Why the pause between posts?
This post comes after a long pause. The pause hasn’t been because of lack of interest, but mostly because IDRACK has been keeping busy lately. Recent activities included a nearly 4-week long crash course in Bioinformatics (two 90 minute sessions per week) , delivered through Zoom, so was accessed by ~80 students from various universities in Pakistan and another 4-week long Python training camp (two 90 minute sessions per week) also delivered through Zoom.
rsync, which is short for remote sync, is a Linux command line tool which can be used to sync data between two locations, be it locally between two directories on your system or between a remote location and your machine.

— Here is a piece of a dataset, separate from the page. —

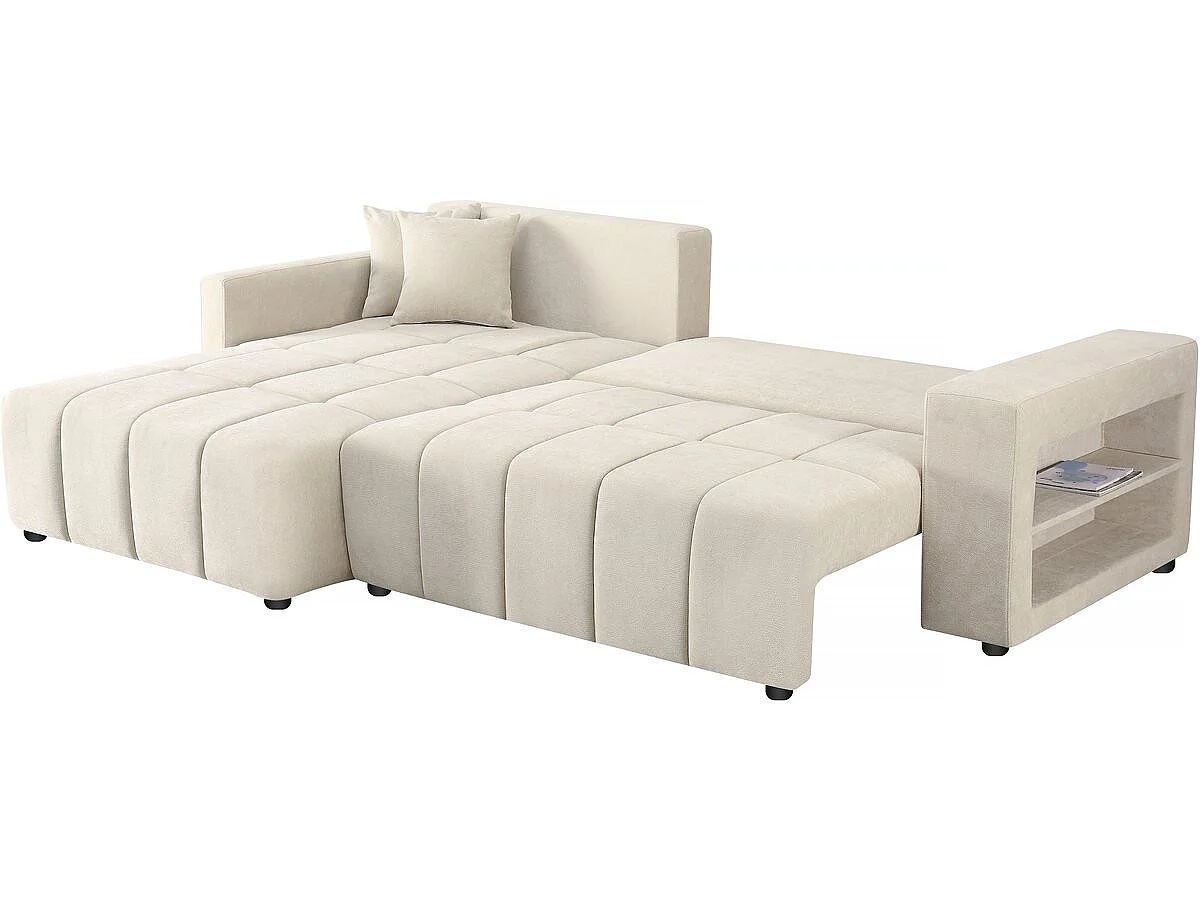 Ecksofa mit Schlaffunktion aus Chenille-Stoff 3-Sitzer - "Trocadero" - Grau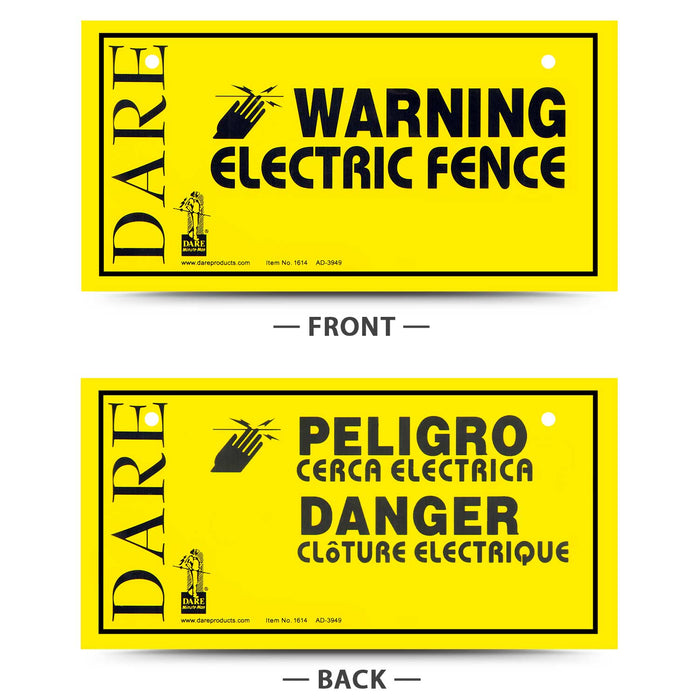 Electric Fence Warning Signs, Pack of 3 - D4E2 - 2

The advantage of rsync in certain situations is that
- Interrupted downloads can be resumed
- Sometimes one wants to make a local copy of a database. The database might be routinely updated. Using rsync one can create a local copy of the database once, and subsequently rsync can only copy over the difference between the updated database and the local copy, hence saving a tonne of time.
To illustrate point 2 above with a more tangible example, think of a database having 100 entries. You come across it and like the database. You can download all 100 entries. Later, you come across it again and see 10 more entries have been added. Now, if you want to update your copy of the database, you can delete the old copy and download the new one, with 110 entries. Or you can just (manually) download the 10 new entries which you know are different. However, this will only work if the updates are few and far between. Mostly, databases have tonnes of data and the differences between consecutive releases might be significant. This is where rsync can come in handy.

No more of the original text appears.